6. Methodological Insights and Benchmark Significance
GTB isolates planning as a spatial traversal problem divorced from natural language, challenging LLMs to synthesize spatial models solely from symbolic maps and action grammars. Success on GTB thus reflects genuine internalization of domain-agnostic planning strategies rather than shallow memorization of linguistic forms. The “one-shot” error-correction mechanism also partially simulates realistic agent-environment feedback loops, though in simplified, discrete settings.
A salient finding is that even advanced LLMs exhibit brittle planning: their occasional syntactic or semantic errors and failure to exploit map structure represent core challenges. The marked performance gap between public LLMs and the privately-trained o1 model—yet with o1 not approaching ceiling—suggests persistent limitations in chain-of-thought and environment modeling when domain knowledge is almost wholly novel.
7. Limitations and Directions for Extension
GTB is explicitly scoped to static, turn-based environments. Only four discrete actions (up, down, left, right) are present; real-time dynamics, moving NPCs, and complex interaction affordances (e.g., inventory use, temporally extended subgoal creation) are not modeled. Uniform prompting may disproportionately favor large models; adaptive prompt tuning or few-shot approaches could reveal distinct sample efficiency profiles.

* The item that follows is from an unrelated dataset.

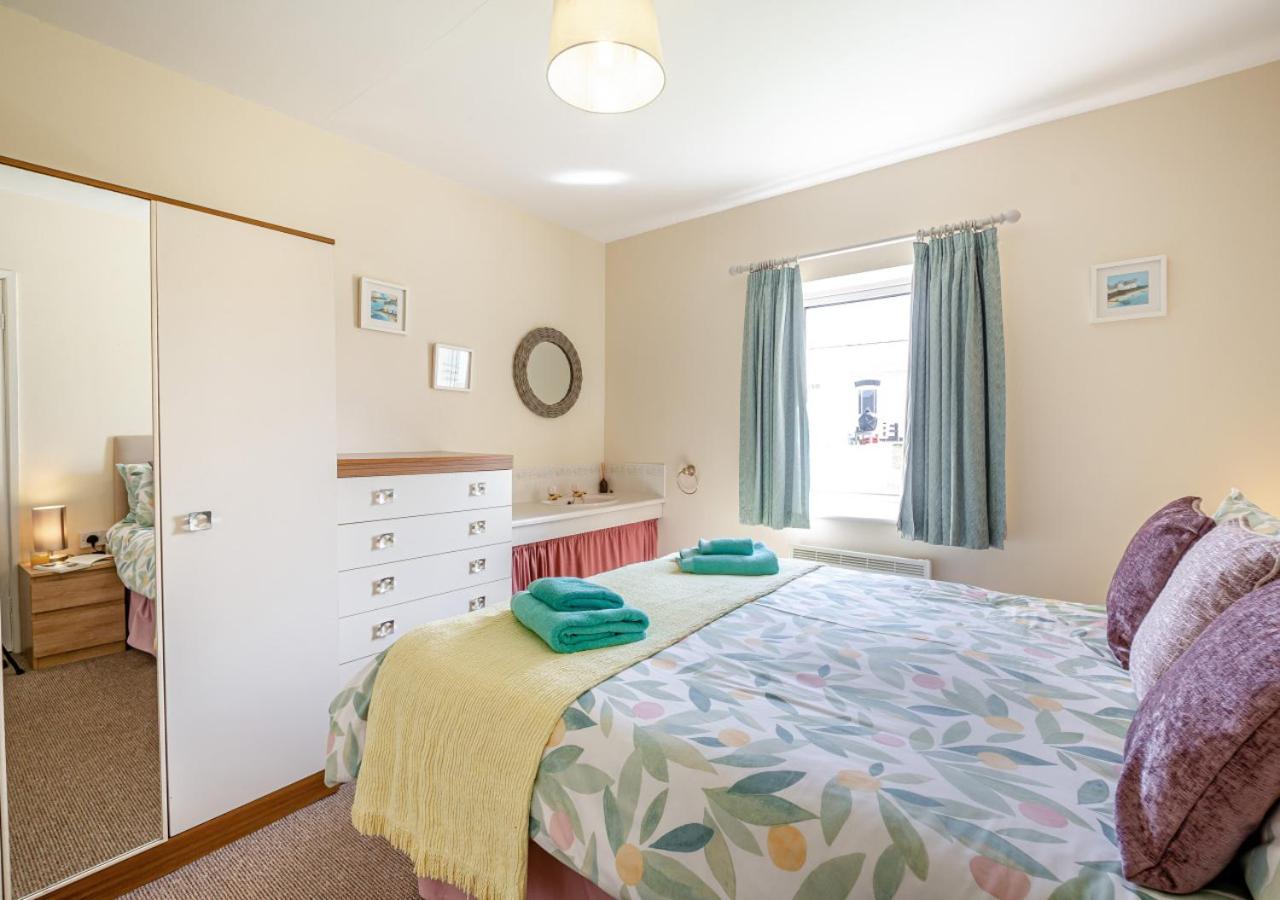 4 Bed in Morfa Nefyn oc-bow10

Further, the omission of dynamic obstacles and stochastic transitions constrains the benchmark’s ecological validity for certain planning domains.
Future developments proposed include:
- Allowing LLM-driven procedural generation of maps, closing the loop between planning and content creation,
- Adding time-based or adversarial elements (e.g., moving targets, traps),
- Expanding the action space to encompass richer, multi-agent or object-manipulation operations,
- Developing automated prompt curricula to level the playing field between LLMs of varying size/capacity,
- Fine-tuning on held-out GTB tasks to systematically probe generalization to novel map topologies.
This suggests that GTB provides a controlled, quantifiable testbed for the study of LLM spatial planning, highlighting both current model capacities and persisting open problems in structural reasoning, robust action sequencing, and generalization beyond linguistically familiar textures (Nasir et al., 2024).